◆ Instructions to follow ◆
Each entry below must be given again word for word, with no pictures.

◆ Supplied material ◆
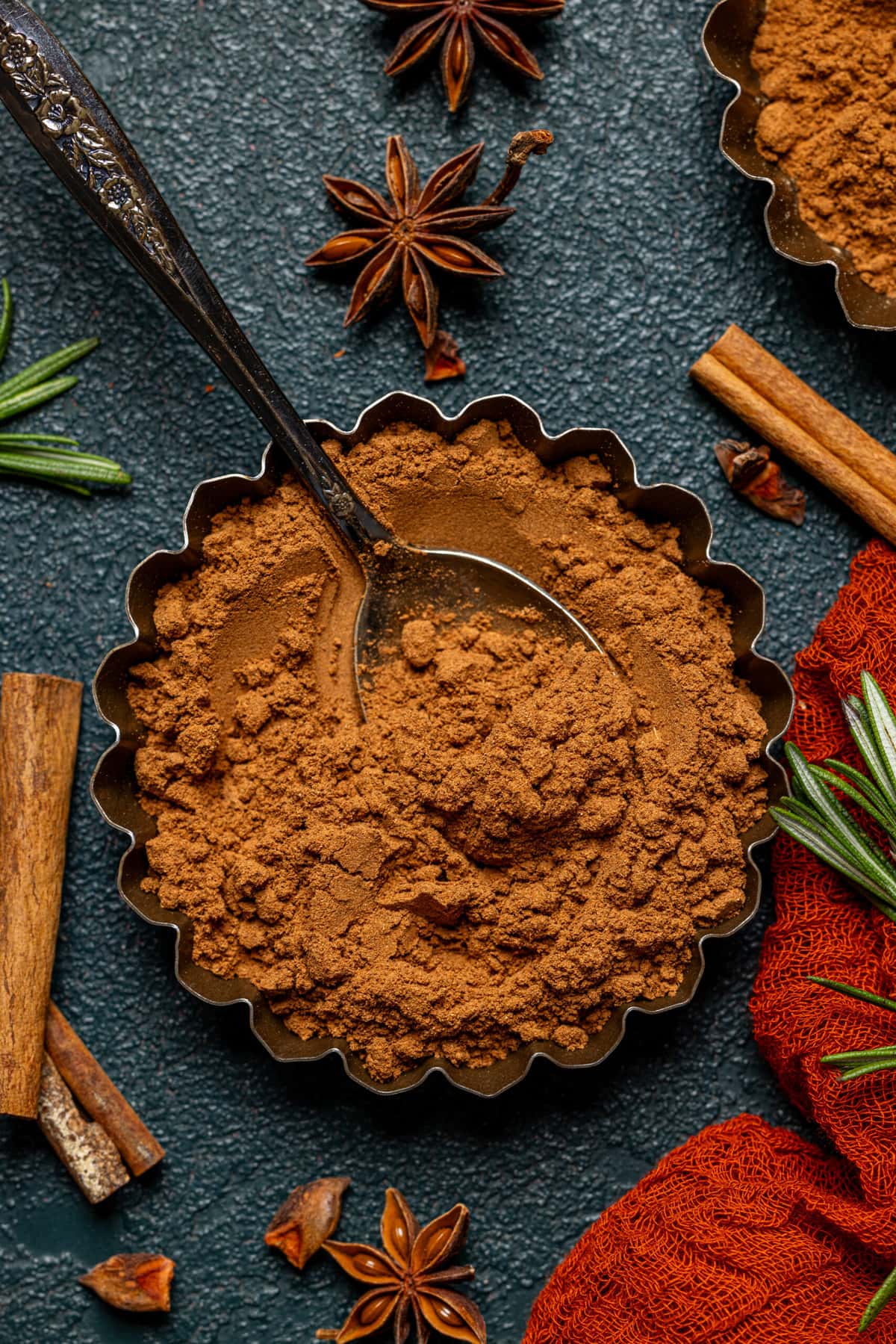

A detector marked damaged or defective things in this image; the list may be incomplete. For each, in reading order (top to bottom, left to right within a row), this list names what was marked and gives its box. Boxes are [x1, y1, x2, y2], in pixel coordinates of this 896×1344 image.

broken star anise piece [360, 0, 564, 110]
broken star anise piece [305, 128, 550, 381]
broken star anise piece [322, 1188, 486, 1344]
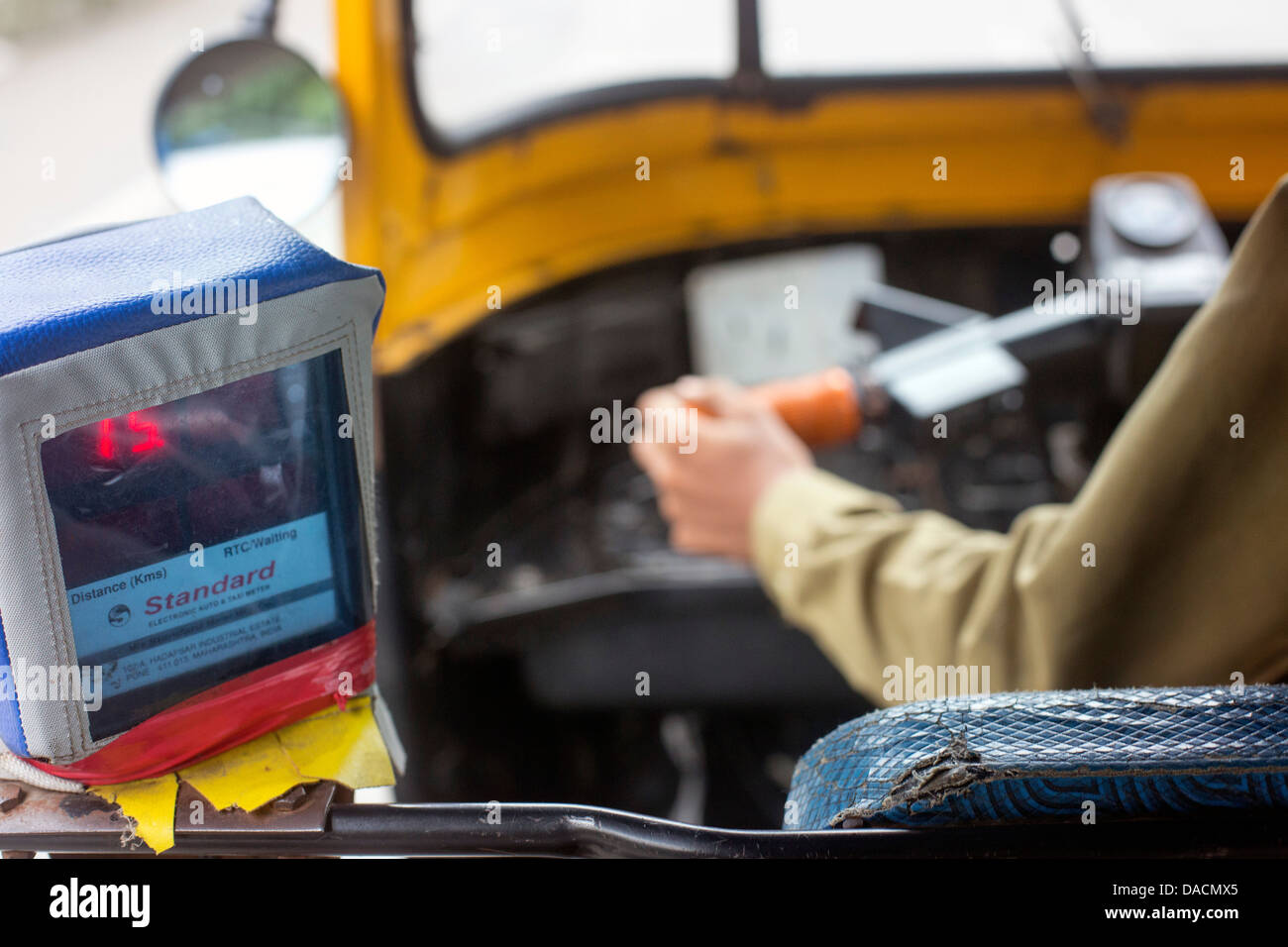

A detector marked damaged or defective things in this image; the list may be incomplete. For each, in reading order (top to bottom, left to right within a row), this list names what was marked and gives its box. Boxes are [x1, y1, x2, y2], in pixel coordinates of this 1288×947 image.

◆ Solution to this problem ◆
A detector marked damaged or defective things in this image; the list may be incomplete. For each, in reading order (top to bottom, left to right within a row), this list names what was marked and gives its box. Boxes are [x1, y1, x2, y2], in pixel coordinates of this 896×1344 image.

broken star anise piece [360, 0, 564, 110]
broken star anise piece [305, 128, 550, 381]
broken star anise piece [322, 1188, 486, 1344]

A detector marked damaged or defective things in this image; the list may be incomplete. For each, in reading order (top to bottom, left to right within a row), this list names what was marked and gives its box. Boxes are [x1, y1, x2, y2], in pixel coordinates of this 1288×947 image.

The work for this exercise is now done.